Don't get me wrong: I'm not bothered at all when a couple analysts get together and hack away at their own little tools in VBA. Kudos to them for getting into the spirit of things, and maybe they will understand my day to day better as a result.

What does bother me, is when these analysts suddenly expect my systems architecture to somehow accomodate their private projects in whatever capacity. When I ask for documentation (there isn't any), an architectural overview (nope), or even access to the repo for that abomination (access to a what now?).

Because, why shouldn't their spreadsheet inject data into my processing pipeline? Why shouldn't I write a controller that accomodates whatever tidbits of REST they bothered to watch half a youtube video about? When suddenly I get asked this in a meeting: "What do you mean we need authentication? Why does IT always have to make things so complicated?!?".

So yeah, please, people should absolutely build their VBA, lowcode or whatever tools. I do the same thing, the only difference is, I call them shellscripts, and they live in git repo.

But same as I don't let my CLI tools lose on the production server, I won't let it happen with things that have never even been through one code review.

8 comments

Shadow IT exists for a reason and that's the dysfunctional bureaucracy of IT.

The "Circle of IT" is real. Small companies start out nimble, but then stuff gets crazy and someone decides to standardize it all under one department. This works for awhile, but eventually this organization becomes so useless that it can't serve any functions of the business anymore, so a shadow IT group is built that the business SMEs love as they just "get stuff done". This works for several years, but the executives in IT hate this "rogue" group as it is a constant reminder of their incompetence.
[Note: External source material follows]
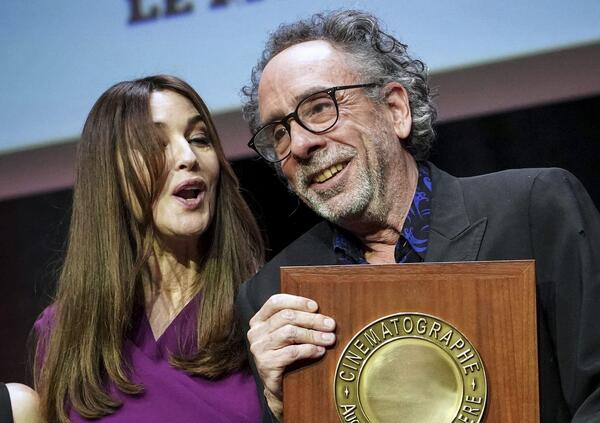 Caro Tim Burton, per amare Monica Bellucci non c&#039;&egrave; bisogno di farla recitare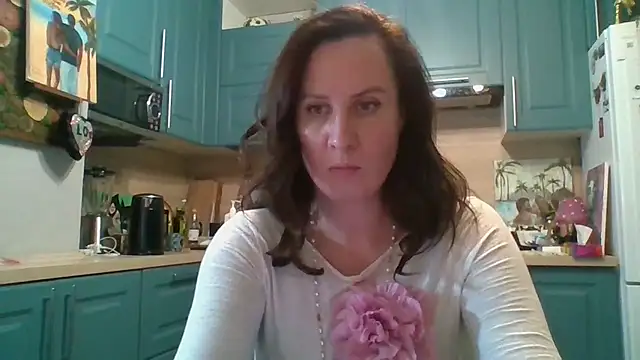 ALICAINWONDERLAND online show from November 16, 4:45 pm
Eventually they re-absorb this group and crush them with beauracracy until it all starts again.

The "bureaucracy of IT" is driven by legal, compliance, and security reasons. The reason why small companies are "nimble" is they are flying by the seat of their pants and one investigation/ransomware/insider threat away from ruin.

Not saying that isn't normal (been there, done that... thanks FINRA), but that's the reason.

Yep.

The core data should sit behind some kind of service that enforces legal, compliance, and security policies.

Then tools that access the data in a compliant way should be given a lot of flexibility for what tech stacks they use to process the data.

> the dysfunctional bureaucracy of IT

I am not here to talk about management-bureaucracy, of which IT depts; same as all other branches one can find in established corporate culture, have more than enough.

I am talking about the perceived "bureaucracy" of us tech guys here, aka. following established procedures to ensure smooth running of mission critical systems.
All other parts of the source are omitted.